Note: The preprocessing step to build matrix g takes O(m² × n) where n is the length of each answer array, but this is done once outside the DFS.

Space Complexity: O(m²)

The space complexity consists of:

• The compatibility matrix g: O(m²) space to store compatibility scores between all student-mentor pairs
• The visited array vis: O(m) space to track which mentors have been assigned
• The recursion call stack: O(m) depth in the worst case as we make at most m recursive calls

The dominant space usage is the compatibility matrix, giving us O(m²) overall space complexity.

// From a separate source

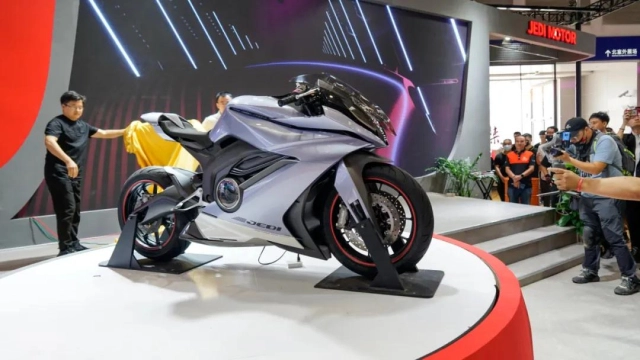 Sportbike jedi k750 lộ diện trước khi được bán vào cuối năm nay - 6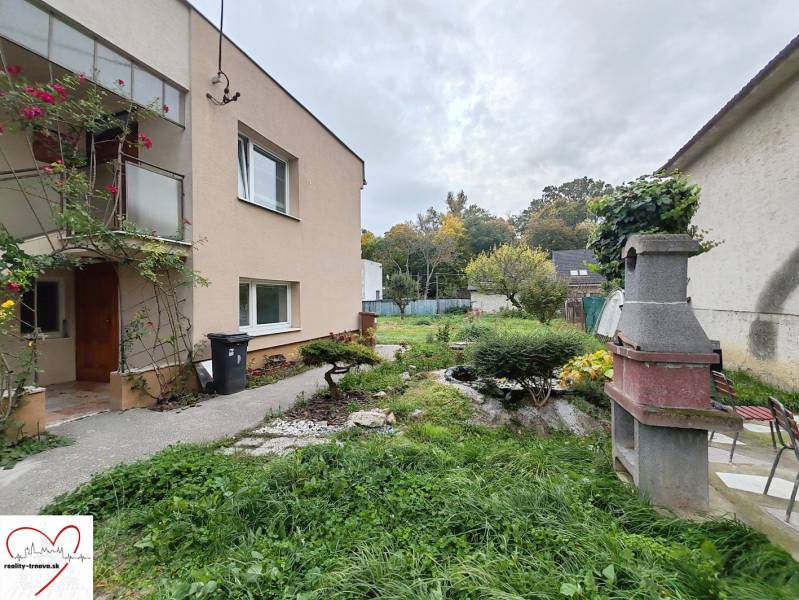 A Topoľová utcai családi ház Szereden zöld kerttel és kerti kandallóval rendelkezik.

Learn more about how to find time and space complexity quickly.

Common Pitfalls

1. Not Using Preprocessing - Recalculating Compatibility Scores

A common mistake is calculating compatibility scores repeatedly during the backtracking process instead of precomputing them once.

Pitfall Example:

def dfs(student_idx, current_sum):
    if student_idx >= m:
        # update answer
        return
  
    for mentor_idx in range(m):
        if not visited[mentor_idx]:
            # BAD: Recalculating compatibility every time
            compatibility = sum(students[student_idx][q] == mentors[mentor_idx][q] 
                              for q in range(n))
            visited[mentor_idx] = True
            dfs(student_idx + 1, current_sum + compatibility)
            visited[mentor_idx] = False

Solution: Always precompute the compatibility matrix before starting the backtracking. This reduces time complexity from O(m! × m × n) to O(m! × m + m² × n).

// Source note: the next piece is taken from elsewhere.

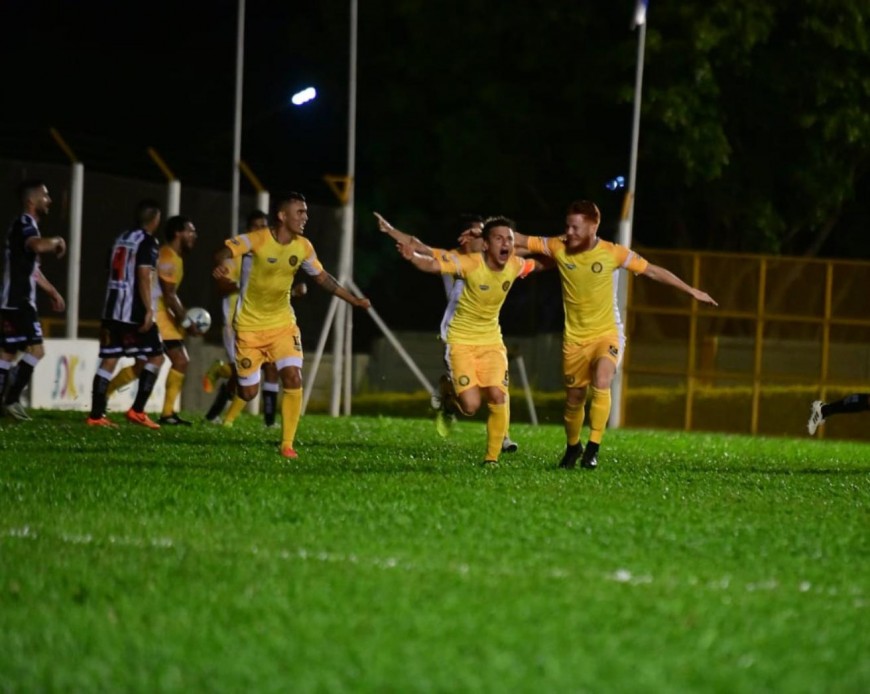 Federal A: Crucero derrotó a Chaco For Ever por 2 a 1 en Santa Inés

2. Incorrect Base Case Handling

Another pitfall is forgetting to properly handle the base case or using the wrong condition.

Pitfall Example:

def dfs(student_idx, current_sum):
    # BAD: Using > instead of >=, missing the last student
    if student_idx > m:  
        max_sum = max(max_sum, current_sum)
        return

Solution: Use student_idx >= m to ensure all m students (indexed 0 to m-1) have been assigned before updating the answer.

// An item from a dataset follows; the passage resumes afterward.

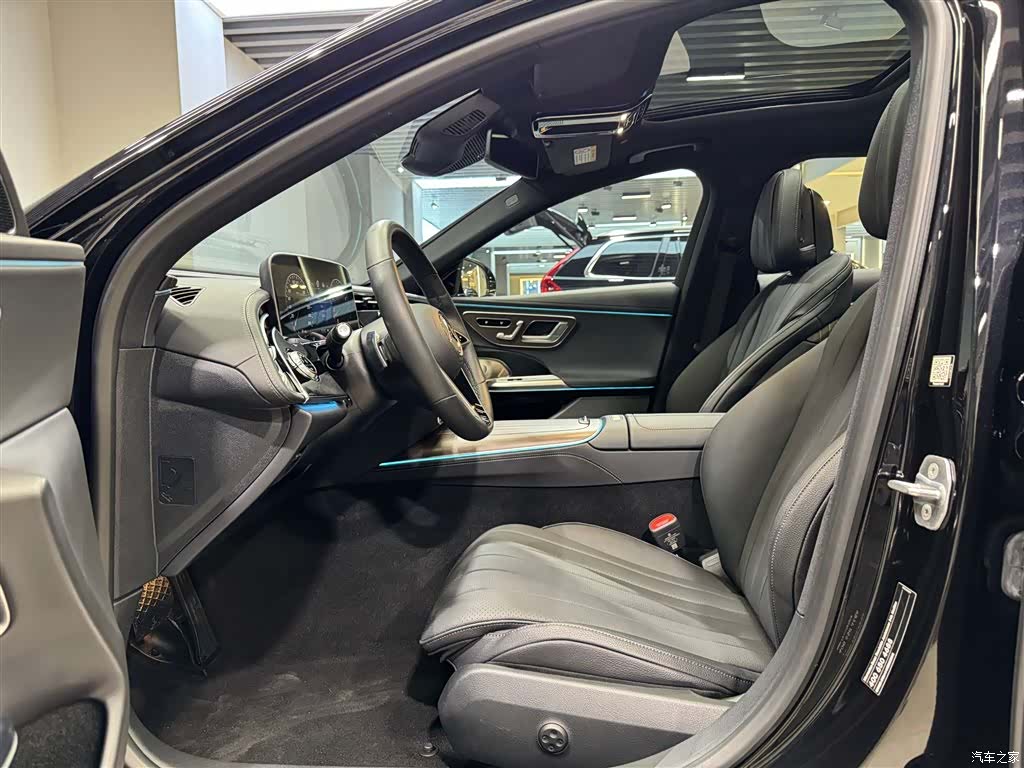 Mercedes-Benz E-Class, 2024 17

3. Forgetting to Backtrack (Restore State)

A critical error is not properly restoring the state after exploring a branch in the recursion tree.

Pitfall Example:

for mentor_idx in range(m):
    if not visited[mentor_idx]:
        visited[mentor_idx] = True
        dfs(student_idx + 1, current_sum + compatibility[student_idx][mentor_idx])
        # BAD: Forgot to reset visited[mentor_idx] = False

Solution: Always restore the state after the recursive call returns:

visited[mentor_idx] = True
dfs(student_idx + 1, current_sum + compatibility[student_idx][mentor_idx])
visited[mentor_idx] = False  # Critical: Reset for other branches

4. Using Global Variables Incorrectly in Python

Python requires the nonlocal keyword to modify variables from an enclosing scope.

Pitfall Example:

def maxCompatibilitySum(self, students, mentors):
    max_sum = 0
  
    def dfs(i, s):
        if i >= m:
            # BAD: This creates a local variable instead of modifying the outer one
            max_sum = max(max_sum, s)  # UnboundLocalError

Solution: Declare the variable as nonlocal:

def dfs(i, s):
    if i >= m:
        nonlocal max_sum
        max_sum = max(max_sum, s)

5. Attempting Greedy Approach

A tempting but incorrect approach is trying to solve this greedily by always choosing the best available mentor for each student.

Pitfall Example:

# BAD: Greedy approach - doesn't guarantee optimal solution
total = 0
used = [False] * m
for student_idx in range(m):
    best_score = -1
    best_mentor = -1
    for mentor_idx in range(m):
        if not used[mentor_idx]:
            score = compatibility[student_idx][mentor_idx]
            if score > best_score:
                best_score = score
                best_mentor = mentor_idx
    used[best_mentor] = True
    total += best_score

Solution: This is an assignment problem that requires exploring all possibilities. The greedy approach can miss the globally optimal solution because choosing the best mentor for one student might prevent a better overall pairing. Always use the complete backtracking approach to guarantee finding the maximum sum.